Print, exactly and without pictures, the lines from the one where "Master | Facebook" appears down to the end of the entries.

*** Excerpted records Section Begins ***

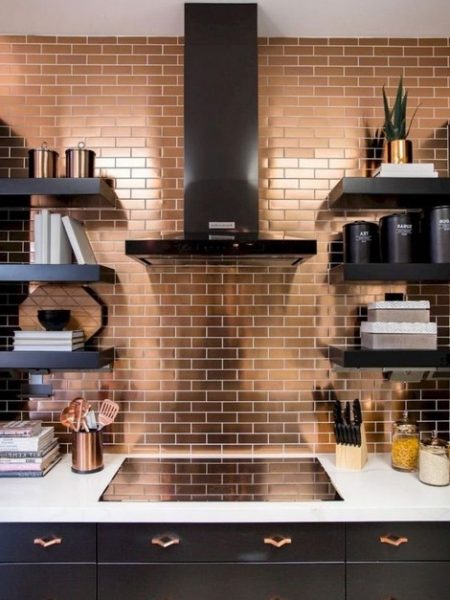 Messingu värvi seinaplaadid ning mustvalge põrand1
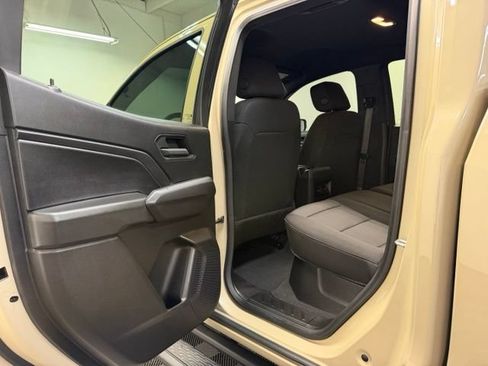 Used 2024 Chevrolet Colorado Trail Boss w/ Safety Package AWD/4WD image 25
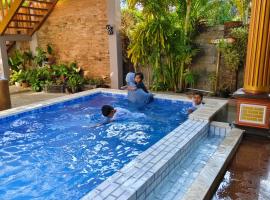 Arrys Watukarung Surfcamp，位于Kalak的海滩短租房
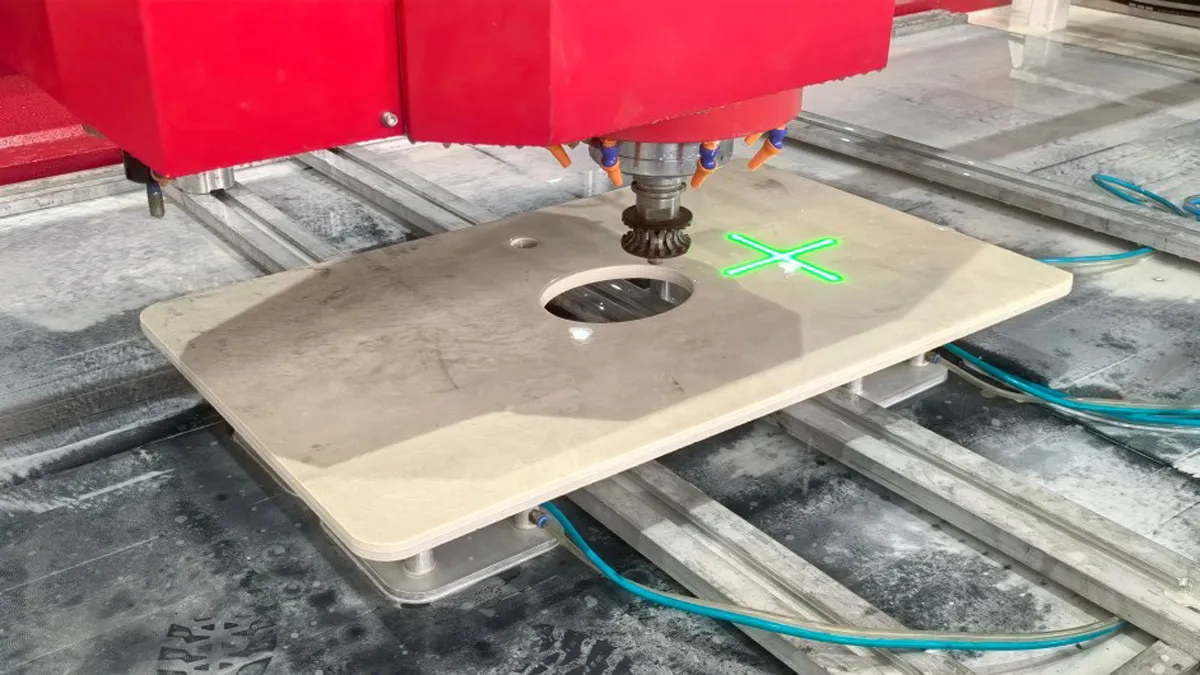 Обрабатывающий центр по камню с ЧПУ569 (3)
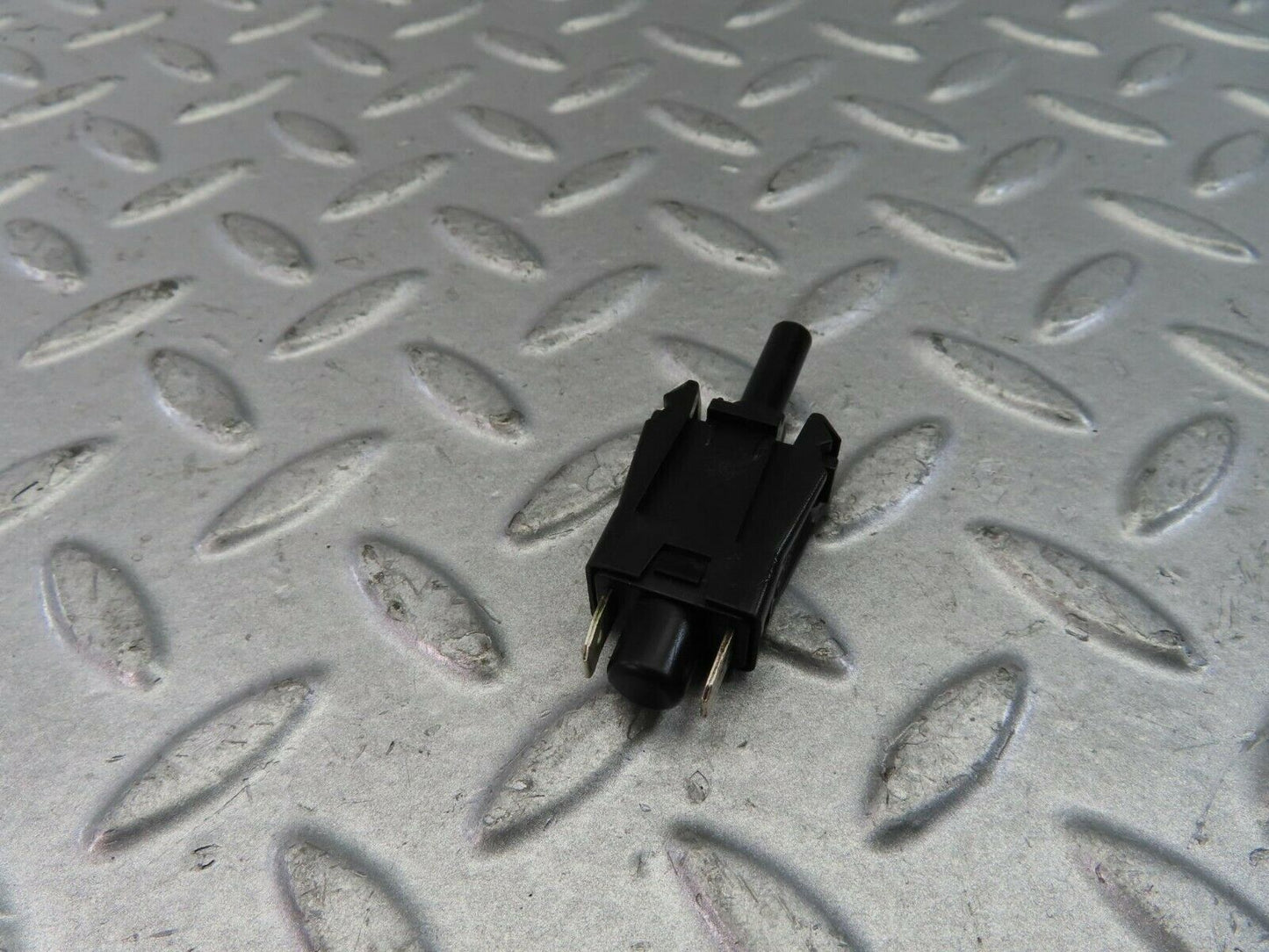 9459 Mercedes-Benz C124 300CE Coupe Door Contact Switch 0015458714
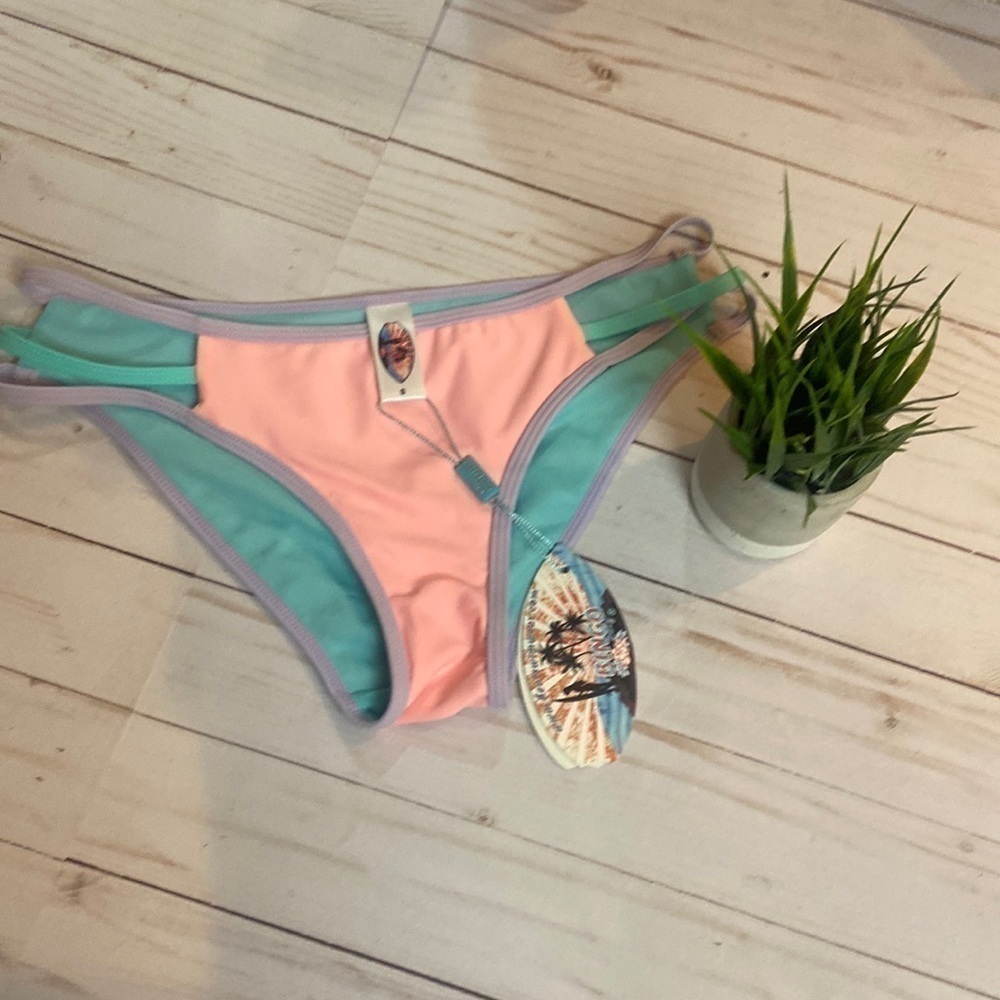 Bingo Surf Bikini Bottoms - Picture 1 of 8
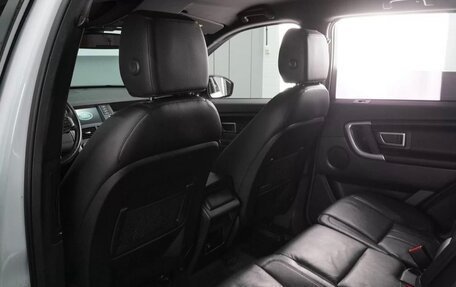 Land Rover Discovery Sport I рестайлинг, 2016 год, 2 200 000 рублей, 12 фотография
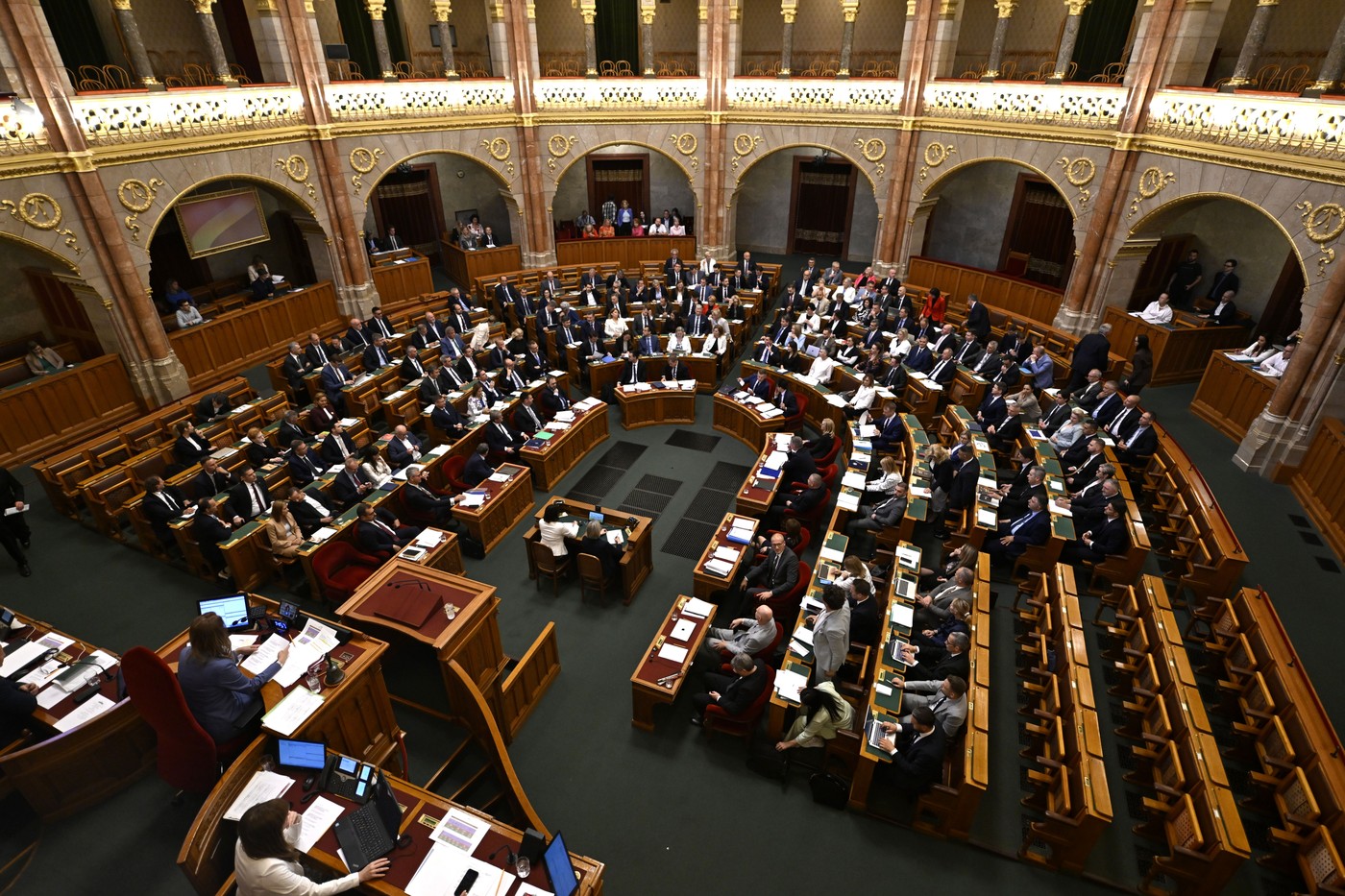 Madžarski parlament
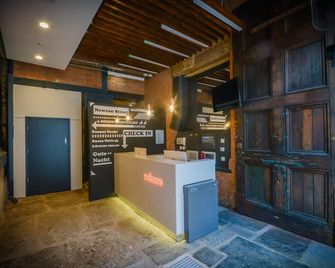 easyHotel Manchester - Manchester - Front desk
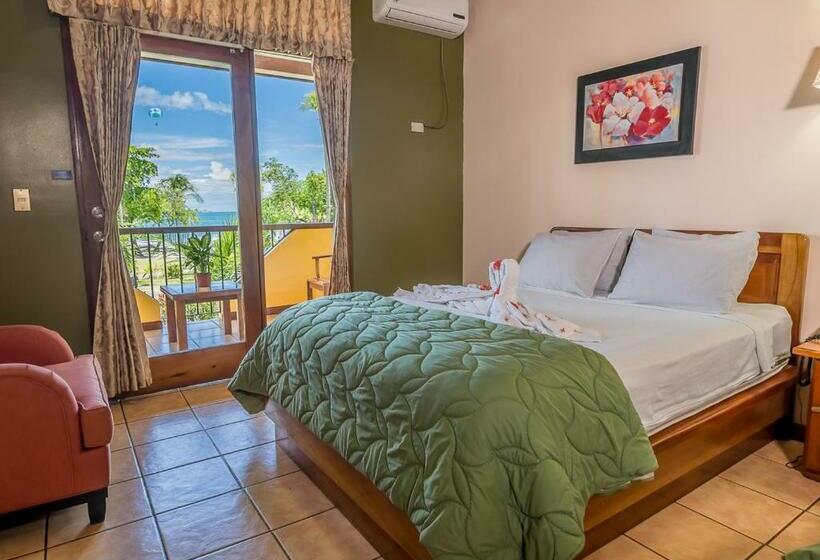غرفة قياسية مطلّة علي البحر, Manuel Antonio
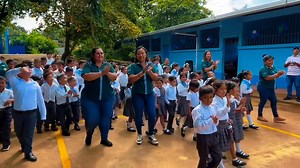  Nuestra historia: el cambio que inspira educación ✨ — Parte 2 La directora cuenta cómo, durante el primer remozamiento, el gobierno aportó materiales y la Municipalidad la mano de obra ‍♂️. #ApoyoALaEducación #ColinasDeMagnolia #TrabajoEnEquipo #Coatepeque. | REC Master | Facebook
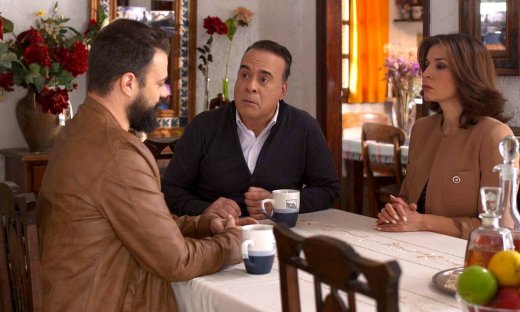 Χαιρετά μου τον πλάτανο: Ο Σάββας κάνει στον παπά μια πρόταση που θα φέρει τα πάνω-κάτω στο χωριό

*** Excerpted records Section Ends ***

→ **Task result**:
  Nuestra historia: el cambio que inspira educación ✨ — Parte 2 La directora cuenta cómo, durante el primer remozamiento, el gobierno aportó materiales y la Municipalidad la mano de obra ‍♂️. #ApoyoALaEducación #ColinasDeMagnolia #TrabajoEnEquipo #Coatepeque. | REC Master | Facebook
 Χαιρετά μου τον πλάτανο: Ο Σάββας κάνει στον παπά μια πρόταση που θα φέρει τα πάνω-κάτω στο χωριό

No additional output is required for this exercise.